TASK TO COMPLETE: Output, please, exactly those lines of the listing that come before the line with "New 2026 Granite", along with that line itself.
___ DATA ___
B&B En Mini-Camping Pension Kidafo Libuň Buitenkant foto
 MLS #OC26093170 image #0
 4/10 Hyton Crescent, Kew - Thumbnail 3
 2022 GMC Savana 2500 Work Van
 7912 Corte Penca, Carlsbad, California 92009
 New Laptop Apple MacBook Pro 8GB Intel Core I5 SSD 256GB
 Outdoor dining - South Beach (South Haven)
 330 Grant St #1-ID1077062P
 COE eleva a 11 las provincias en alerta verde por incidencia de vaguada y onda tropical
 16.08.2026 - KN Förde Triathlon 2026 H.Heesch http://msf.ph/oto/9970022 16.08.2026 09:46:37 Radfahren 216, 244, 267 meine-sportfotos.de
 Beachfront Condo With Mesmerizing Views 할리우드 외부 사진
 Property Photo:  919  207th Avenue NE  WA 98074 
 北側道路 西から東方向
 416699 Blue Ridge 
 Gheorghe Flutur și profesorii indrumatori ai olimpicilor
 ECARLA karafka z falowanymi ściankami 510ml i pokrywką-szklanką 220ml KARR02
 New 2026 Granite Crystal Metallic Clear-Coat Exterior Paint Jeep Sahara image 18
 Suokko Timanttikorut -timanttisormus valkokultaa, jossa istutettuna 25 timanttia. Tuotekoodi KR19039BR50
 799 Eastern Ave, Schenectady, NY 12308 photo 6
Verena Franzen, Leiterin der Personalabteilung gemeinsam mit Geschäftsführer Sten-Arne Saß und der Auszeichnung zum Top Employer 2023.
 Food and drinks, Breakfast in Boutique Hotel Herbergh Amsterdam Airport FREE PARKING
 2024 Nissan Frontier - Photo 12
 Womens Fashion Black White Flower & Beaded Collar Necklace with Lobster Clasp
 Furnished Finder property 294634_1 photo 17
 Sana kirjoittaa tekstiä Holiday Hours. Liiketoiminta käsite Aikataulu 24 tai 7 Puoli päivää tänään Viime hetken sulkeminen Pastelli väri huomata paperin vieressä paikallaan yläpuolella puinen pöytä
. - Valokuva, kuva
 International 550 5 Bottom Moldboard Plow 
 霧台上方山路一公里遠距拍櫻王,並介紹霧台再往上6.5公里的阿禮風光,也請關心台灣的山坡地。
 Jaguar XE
___
WORKED SOLUTION:
B&B En Mini-Camping Pension Kidafo Libuň Buitenkant foto
 MLS #OC26093170 image #0
 4/10 Hyton Crescent, Kew - Thumbnail 3
 2022 GMC Savana 2500 Work Van
 7912 Corte Penca, Carlsbad, California 92009
 New Laptop Apple MacBook Pro 8GB Intel Core I5 SSD 256GB
 Outdoor dining - South Beach (South Haven)
 330 Grant St #1-ID1077062P
 COE eleva a 11 las provincias en alerta verde por incidencia de vaguada y onda tropical
 16.08.2026 - KN Förde Triathlon 2026 H.Heesch http://msf.ph/oto/9970022 16.08.2026 09:46:37 Radfahren 216, 244, 267 meine-sportfotos.de
 Beachfront Condo With Mesmerizing Views 할리우드 외부 사진
 Property Photo:  919  207th Avenue NE  WA 98074 
 北側道路 西から東方向
 416699 Blue Ridge 
 Gheorghe Flutur și profesorii indrumatori ai olimpicilor
 ECARLA karafka z falowanymi ściankami 510ml i pokrywką-szklanką 220ml KARR02
 New 2026 Granite Crystal Metallic Clear-Coat Exterior Paint Jeep Sahara image 18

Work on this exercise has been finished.